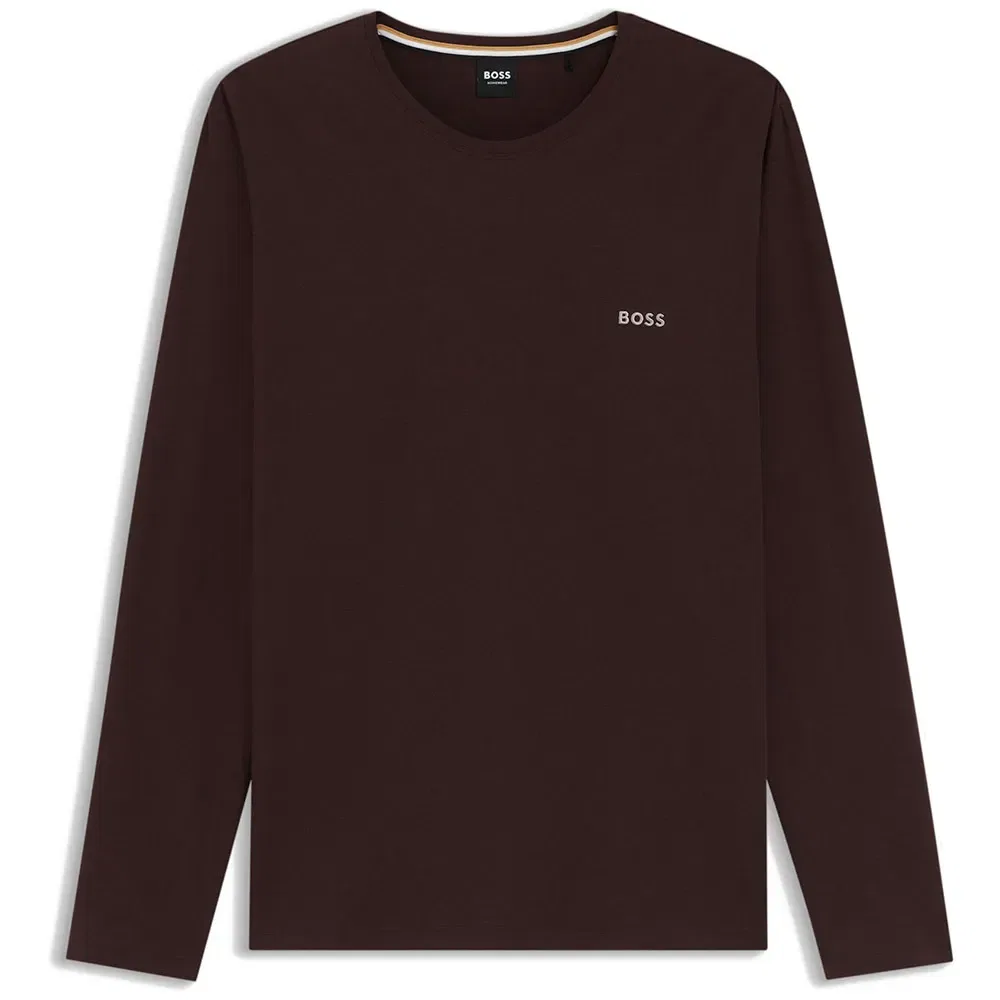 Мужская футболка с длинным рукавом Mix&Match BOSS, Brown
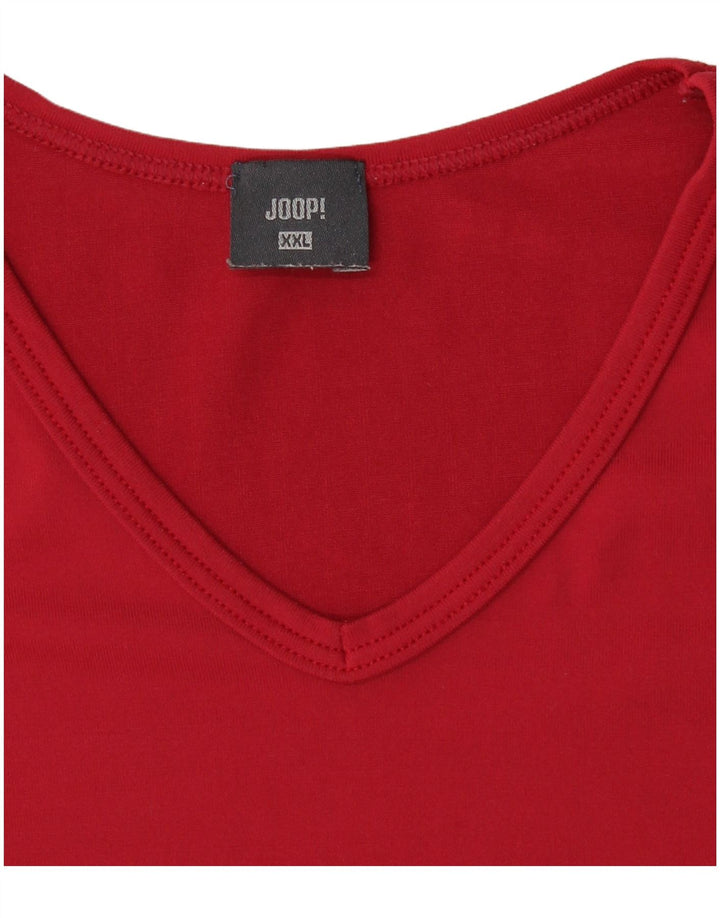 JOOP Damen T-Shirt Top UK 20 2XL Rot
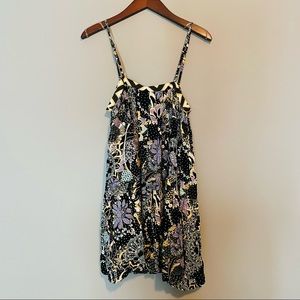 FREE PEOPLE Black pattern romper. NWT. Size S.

## Brief
Wording must stay exact. Give again the lines from the line with "JOOP Damen T-Shirt Top UK 20 2XL Rot" through the last line of the listing, both ends included, without pictures.

## Your response
 JOOP Damen T-Shirt Top UK 20 2XL Rot
 FREE PEOPLE Black pattern romper. NWT. Size S.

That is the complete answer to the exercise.